Bob Dylan and Ernest Rutherford, Katherine Mansfield and Bill Gates showed that the world can be changed by daring twentysomethings — a lesson for the Trumpian age.
Bob at Newport
In A Complete Unknown, Timothée Chalamet nails the Dylan voice, the Dylan walk, the Dylan snigger, the Dylan slouch. One complaint: the sharpness of his cheekbones. The visage that peeks out from behind a sheepskin collar on the cover of the real Bob Dylan’s debut album is so baby-faced it might belong to a King’s College choirboy at an Otara nightclub.
Dylan — the fact staggers any reasonable person — was 21 when he wrote A Hard Rain’s a-Gonna Fall, that alluring masterpiece of prophecy and allusion.

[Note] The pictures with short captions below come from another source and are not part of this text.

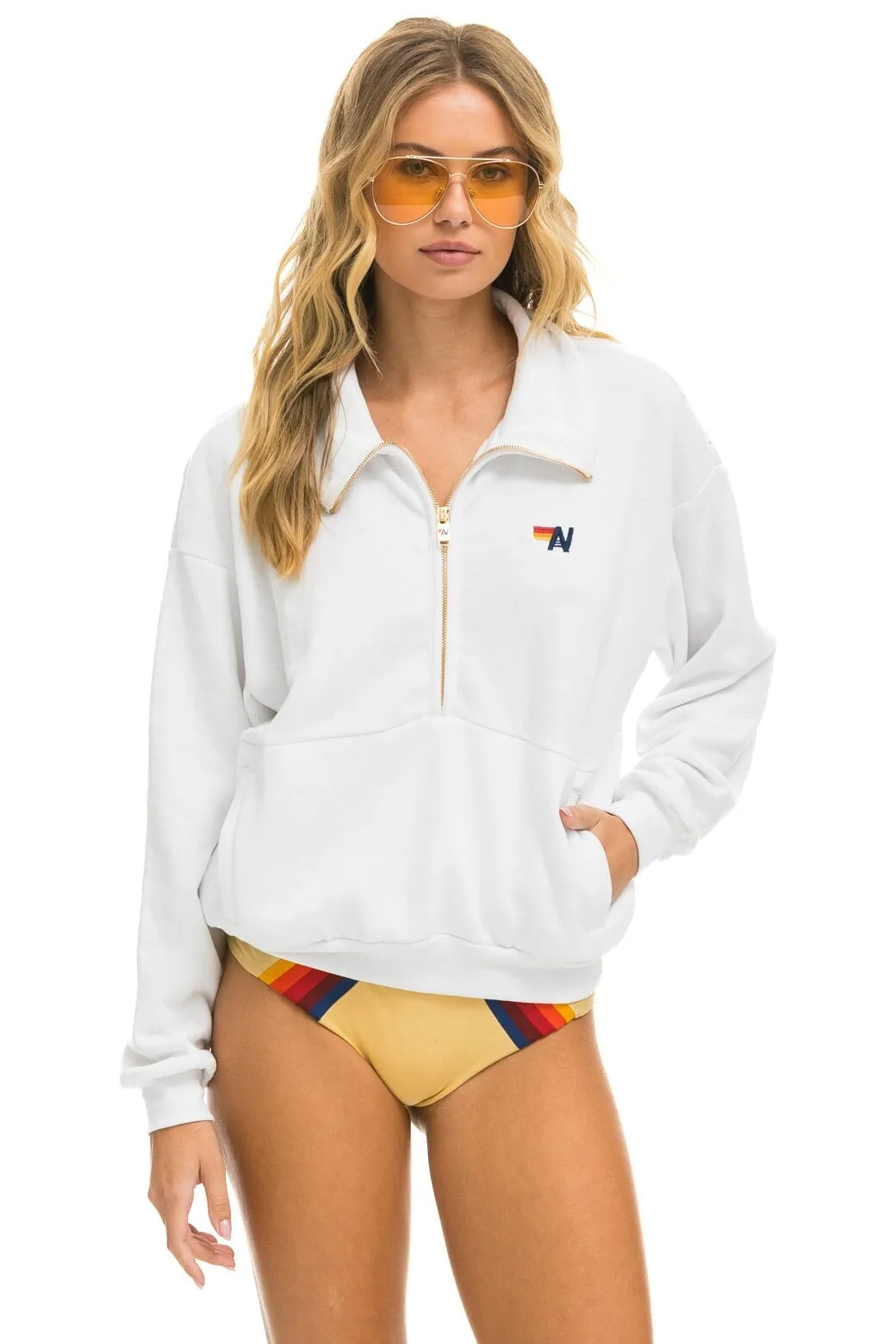 LOGO EMBROIDERY HALF ZIP SWEATSHIRT - WHITE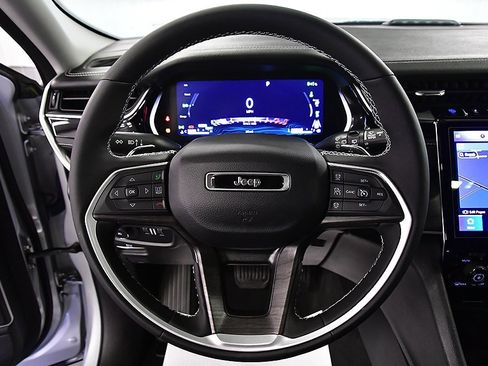 Used 2023 Jeep Grand Cherokee 4WD 4xe w/ Luxury Tech Group II image 17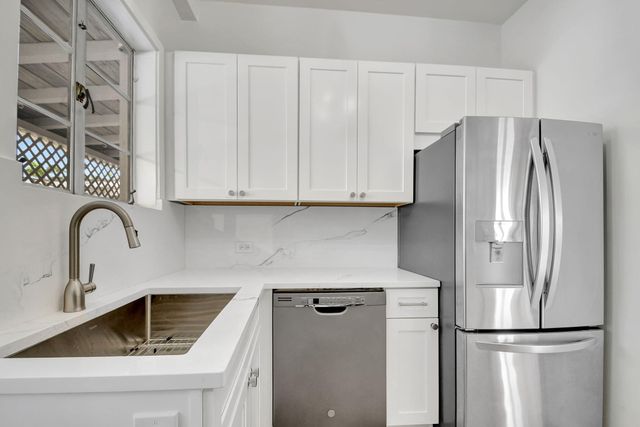 218 Worth Avenue, Palm Beach, FL 33480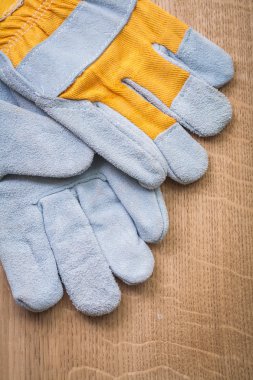 çok yakın bakış üzerinde ahşap kurullarında koruyucu eldivenler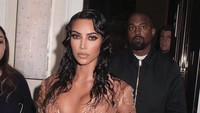Penampilan Kim memang banyak dipuja, namun ia mengatakan dirinya sangat stress untuk mempersiapkan penampilannya di acara tersebut. Dok. Instagram/kimkardashian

His sequence of culture-transforming, for-the-ages albums — The Freewheelin’ Bob Dylan, Bringing it All Back Home, Highway 61 Revisited, Blonde on Blonde — was completed by his mid-twenties. My very favourite "Mr. Tambourine Man" had lyrics from January 1964 that he threw away. Found in a garbage bin they were sold in 2022 for US$500,000.
"Mr. Tambourine Man" lyrics and Bob Dylan in January 1964. . Photo: MARK HUMPHREY/EPA-EFE/Shutterstock; Michael Ochs Archives/Getty
To listen to those records is to be reminded that there is a hard, bright intensity to the flame of youthful genius that doesn’t burn much past 30.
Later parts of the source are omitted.